= WHAT IS BEING ASKED =
A single number is the answer: how many lines of the data hold "Cerebral"?

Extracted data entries
######

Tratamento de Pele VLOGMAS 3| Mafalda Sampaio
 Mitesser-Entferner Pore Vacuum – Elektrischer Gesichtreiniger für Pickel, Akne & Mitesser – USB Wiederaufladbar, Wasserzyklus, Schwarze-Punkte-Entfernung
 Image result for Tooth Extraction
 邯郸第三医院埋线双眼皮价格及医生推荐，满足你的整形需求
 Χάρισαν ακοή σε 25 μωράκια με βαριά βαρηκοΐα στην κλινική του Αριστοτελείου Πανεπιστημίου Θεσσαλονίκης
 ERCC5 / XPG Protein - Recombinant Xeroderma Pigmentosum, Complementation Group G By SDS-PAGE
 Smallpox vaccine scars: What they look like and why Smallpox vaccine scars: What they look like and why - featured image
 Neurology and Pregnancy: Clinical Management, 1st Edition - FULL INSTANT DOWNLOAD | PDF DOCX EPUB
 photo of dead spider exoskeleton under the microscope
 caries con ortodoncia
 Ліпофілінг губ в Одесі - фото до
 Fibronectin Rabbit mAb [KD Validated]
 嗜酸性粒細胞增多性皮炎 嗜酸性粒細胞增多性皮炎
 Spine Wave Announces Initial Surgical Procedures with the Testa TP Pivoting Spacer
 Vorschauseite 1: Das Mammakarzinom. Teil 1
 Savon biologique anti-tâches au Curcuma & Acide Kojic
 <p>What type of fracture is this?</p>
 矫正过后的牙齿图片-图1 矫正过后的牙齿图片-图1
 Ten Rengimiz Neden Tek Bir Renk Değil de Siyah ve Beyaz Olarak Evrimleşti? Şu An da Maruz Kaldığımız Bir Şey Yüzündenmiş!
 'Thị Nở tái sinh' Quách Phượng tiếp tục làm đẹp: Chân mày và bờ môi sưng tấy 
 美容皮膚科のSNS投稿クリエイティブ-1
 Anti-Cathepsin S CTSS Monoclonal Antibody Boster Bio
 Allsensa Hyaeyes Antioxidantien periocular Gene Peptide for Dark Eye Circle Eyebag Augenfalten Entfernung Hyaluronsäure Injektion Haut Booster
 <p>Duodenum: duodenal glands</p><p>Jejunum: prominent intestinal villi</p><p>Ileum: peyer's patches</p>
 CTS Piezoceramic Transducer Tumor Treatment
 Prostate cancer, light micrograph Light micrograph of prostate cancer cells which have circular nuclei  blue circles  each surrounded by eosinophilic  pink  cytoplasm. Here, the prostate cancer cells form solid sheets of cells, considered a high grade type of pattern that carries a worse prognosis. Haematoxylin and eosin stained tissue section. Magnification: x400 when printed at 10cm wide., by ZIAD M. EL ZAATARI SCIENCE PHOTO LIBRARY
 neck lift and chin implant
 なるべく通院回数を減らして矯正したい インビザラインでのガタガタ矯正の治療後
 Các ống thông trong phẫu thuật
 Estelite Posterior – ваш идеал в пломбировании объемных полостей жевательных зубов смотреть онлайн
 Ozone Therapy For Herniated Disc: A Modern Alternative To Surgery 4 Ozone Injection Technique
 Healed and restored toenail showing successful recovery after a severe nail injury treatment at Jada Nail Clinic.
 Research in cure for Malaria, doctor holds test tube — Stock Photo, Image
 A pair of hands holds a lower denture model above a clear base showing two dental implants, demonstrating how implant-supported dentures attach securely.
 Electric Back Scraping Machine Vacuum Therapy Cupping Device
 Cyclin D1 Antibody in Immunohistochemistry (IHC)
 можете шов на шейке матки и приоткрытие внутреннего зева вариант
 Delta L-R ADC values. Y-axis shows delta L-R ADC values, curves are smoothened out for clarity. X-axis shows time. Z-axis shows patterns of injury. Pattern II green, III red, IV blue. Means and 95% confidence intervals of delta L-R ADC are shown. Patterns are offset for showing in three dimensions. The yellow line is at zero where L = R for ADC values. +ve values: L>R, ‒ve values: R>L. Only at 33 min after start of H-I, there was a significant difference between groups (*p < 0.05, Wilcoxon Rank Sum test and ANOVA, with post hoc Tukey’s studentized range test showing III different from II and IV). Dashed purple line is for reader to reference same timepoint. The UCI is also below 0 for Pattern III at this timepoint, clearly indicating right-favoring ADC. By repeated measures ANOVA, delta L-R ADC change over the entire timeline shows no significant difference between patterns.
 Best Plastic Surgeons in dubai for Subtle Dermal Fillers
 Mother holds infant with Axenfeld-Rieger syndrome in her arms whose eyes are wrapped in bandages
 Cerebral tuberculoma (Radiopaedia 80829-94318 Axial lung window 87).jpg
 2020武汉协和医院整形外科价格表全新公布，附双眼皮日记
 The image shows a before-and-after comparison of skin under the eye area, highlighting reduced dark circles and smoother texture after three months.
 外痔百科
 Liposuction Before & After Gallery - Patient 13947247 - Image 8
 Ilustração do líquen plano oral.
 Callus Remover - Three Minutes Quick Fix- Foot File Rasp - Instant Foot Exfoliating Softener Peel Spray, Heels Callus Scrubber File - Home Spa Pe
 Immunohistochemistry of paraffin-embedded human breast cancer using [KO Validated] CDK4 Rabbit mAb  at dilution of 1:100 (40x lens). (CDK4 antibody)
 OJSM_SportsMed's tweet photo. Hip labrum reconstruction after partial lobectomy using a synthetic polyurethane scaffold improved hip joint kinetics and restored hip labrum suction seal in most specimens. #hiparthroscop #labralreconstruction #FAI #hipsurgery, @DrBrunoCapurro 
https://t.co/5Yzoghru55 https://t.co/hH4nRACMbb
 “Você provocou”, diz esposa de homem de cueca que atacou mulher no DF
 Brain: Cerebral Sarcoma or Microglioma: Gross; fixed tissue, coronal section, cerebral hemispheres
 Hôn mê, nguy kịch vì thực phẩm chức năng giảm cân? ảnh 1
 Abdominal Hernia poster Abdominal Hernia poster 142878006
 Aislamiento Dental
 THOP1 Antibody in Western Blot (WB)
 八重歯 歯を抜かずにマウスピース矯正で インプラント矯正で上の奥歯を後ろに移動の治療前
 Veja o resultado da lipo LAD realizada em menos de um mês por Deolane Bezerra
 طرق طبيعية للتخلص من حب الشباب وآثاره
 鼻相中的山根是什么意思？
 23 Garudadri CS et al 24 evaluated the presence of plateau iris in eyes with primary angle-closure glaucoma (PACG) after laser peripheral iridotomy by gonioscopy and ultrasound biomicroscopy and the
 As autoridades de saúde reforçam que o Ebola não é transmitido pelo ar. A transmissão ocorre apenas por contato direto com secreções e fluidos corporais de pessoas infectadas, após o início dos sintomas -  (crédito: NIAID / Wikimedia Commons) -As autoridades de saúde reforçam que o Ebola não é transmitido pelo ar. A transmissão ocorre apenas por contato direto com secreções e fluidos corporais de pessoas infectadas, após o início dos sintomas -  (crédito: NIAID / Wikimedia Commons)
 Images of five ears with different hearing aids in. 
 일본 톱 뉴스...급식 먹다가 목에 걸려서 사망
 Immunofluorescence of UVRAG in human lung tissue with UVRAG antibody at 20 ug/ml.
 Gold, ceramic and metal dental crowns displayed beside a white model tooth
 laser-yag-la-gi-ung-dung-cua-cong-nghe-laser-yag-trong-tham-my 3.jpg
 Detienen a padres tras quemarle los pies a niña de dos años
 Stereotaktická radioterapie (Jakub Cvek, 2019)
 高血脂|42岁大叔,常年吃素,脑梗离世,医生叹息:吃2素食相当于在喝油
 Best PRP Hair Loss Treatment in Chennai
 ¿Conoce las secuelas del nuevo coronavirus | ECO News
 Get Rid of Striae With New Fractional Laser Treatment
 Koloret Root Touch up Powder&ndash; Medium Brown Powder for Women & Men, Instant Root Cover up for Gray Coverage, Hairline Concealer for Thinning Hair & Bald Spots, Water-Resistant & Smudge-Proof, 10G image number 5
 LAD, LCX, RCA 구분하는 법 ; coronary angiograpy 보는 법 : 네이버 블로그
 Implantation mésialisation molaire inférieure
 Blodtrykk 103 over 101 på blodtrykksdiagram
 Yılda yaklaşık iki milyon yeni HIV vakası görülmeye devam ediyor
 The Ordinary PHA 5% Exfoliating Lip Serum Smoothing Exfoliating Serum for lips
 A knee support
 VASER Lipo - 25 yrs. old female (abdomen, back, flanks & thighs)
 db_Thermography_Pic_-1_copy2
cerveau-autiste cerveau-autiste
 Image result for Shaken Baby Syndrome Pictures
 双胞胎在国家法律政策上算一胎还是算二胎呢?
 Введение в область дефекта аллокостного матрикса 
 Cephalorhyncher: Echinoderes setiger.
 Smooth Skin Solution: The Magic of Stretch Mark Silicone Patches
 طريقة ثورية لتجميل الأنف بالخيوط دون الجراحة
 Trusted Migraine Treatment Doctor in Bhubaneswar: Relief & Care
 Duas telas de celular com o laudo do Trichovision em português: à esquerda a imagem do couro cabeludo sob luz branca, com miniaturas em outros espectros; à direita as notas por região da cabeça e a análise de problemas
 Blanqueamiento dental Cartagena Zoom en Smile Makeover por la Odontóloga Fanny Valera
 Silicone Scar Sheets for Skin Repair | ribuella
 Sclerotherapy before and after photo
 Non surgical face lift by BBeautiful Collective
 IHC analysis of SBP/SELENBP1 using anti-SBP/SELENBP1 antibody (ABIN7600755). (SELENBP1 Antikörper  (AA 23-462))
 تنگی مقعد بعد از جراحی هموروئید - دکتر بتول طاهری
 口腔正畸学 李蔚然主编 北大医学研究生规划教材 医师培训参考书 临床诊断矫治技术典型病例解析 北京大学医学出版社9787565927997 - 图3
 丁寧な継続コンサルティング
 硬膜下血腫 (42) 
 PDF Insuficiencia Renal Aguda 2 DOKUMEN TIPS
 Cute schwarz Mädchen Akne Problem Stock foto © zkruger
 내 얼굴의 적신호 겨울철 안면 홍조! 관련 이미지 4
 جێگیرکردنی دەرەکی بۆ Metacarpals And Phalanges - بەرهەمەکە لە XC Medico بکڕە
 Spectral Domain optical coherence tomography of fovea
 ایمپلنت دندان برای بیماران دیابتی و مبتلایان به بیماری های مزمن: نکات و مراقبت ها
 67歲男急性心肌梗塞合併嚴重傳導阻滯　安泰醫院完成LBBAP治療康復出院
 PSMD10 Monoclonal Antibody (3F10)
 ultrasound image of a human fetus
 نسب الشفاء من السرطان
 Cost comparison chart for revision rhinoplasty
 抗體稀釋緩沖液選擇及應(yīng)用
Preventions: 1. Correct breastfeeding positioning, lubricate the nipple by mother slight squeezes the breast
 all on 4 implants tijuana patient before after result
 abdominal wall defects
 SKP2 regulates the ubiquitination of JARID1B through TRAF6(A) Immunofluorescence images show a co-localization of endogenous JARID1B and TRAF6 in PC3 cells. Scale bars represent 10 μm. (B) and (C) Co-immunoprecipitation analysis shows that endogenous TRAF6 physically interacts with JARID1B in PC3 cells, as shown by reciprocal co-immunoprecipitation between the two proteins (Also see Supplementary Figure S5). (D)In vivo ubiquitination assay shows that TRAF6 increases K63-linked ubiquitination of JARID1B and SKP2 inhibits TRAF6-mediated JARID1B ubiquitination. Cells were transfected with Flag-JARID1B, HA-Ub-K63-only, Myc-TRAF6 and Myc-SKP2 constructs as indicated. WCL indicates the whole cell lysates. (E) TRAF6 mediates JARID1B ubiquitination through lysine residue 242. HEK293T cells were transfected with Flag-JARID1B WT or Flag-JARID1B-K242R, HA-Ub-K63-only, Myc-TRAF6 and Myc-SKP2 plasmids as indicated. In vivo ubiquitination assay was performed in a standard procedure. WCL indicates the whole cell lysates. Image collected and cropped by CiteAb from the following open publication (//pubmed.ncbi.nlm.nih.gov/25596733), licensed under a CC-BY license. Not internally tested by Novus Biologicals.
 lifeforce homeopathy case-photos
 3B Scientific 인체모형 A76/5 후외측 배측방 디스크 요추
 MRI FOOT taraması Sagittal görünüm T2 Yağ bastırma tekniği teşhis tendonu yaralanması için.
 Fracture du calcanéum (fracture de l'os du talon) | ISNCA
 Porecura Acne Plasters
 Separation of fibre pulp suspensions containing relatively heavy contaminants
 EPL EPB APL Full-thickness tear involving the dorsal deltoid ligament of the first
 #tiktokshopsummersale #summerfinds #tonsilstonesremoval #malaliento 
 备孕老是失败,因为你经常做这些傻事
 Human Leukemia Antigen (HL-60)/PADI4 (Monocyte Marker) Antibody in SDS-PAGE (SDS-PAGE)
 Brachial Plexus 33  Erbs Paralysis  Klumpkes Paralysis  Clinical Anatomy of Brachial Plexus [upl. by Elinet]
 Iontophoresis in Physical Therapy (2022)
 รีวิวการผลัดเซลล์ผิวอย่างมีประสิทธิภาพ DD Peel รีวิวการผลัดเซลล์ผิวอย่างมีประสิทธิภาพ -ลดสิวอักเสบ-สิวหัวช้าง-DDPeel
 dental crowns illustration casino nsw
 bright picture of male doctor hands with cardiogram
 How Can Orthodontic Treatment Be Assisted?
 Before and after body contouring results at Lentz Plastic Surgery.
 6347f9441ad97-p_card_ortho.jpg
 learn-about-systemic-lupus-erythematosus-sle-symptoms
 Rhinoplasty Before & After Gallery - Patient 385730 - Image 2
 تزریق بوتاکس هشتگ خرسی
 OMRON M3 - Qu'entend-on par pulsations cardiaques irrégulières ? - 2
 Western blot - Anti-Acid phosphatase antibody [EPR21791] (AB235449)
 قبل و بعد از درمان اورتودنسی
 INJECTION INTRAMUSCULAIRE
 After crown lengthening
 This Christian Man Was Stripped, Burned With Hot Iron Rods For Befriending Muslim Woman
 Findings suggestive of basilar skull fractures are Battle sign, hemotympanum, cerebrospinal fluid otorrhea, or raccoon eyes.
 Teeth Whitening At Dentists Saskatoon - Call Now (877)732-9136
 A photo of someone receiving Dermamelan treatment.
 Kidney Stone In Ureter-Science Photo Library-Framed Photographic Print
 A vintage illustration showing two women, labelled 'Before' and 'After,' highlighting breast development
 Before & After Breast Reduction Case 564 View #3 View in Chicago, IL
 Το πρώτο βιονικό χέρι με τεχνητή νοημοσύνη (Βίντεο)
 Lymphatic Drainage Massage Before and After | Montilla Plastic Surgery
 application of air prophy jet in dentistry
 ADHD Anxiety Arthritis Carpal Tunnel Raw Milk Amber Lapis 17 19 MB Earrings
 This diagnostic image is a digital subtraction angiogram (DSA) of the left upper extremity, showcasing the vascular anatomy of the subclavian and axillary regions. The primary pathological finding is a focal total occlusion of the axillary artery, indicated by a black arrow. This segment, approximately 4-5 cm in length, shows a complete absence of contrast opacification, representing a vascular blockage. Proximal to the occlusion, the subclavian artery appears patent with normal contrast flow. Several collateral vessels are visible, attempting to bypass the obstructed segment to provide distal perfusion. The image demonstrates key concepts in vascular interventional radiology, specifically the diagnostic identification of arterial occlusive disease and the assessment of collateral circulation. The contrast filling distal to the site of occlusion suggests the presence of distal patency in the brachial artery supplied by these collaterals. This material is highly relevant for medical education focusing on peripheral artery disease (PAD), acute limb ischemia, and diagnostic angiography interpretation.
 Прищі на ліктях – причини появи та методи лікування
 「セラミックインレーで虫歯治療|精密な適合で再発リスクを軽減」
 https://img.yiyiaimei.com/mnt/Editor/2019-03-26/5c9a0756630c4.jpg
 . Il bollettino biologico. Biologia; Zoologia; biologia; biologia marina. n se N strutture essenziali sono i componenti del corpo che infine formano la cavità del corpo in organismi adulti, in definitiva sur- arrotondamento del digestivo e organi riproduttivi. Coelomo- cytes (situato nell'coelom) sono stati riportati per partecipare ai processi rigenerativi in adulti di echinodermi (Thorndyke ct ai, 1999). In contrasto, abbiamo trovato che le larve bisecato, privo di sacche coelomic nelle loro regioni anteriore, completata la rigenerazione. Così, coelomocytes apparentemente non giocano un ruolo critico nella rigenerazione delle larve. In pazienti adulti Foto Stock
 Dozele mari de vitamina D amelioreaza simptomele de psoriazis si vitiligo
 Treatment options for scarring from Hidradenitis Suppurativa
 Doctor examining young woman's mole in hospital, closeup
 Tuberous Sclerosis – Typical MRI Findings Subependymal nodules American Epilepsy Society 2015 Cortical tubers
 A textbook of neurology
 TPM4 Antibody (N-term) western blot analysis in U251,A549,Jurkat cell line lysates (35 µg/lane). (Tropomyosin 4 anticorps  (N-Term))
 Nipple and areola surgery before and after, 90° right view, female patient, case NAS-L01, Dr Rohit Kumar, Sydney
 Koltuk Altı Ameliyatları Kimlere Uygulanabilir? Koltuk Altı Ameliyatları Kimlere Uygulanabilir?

######

= TASK SOLUTION =
2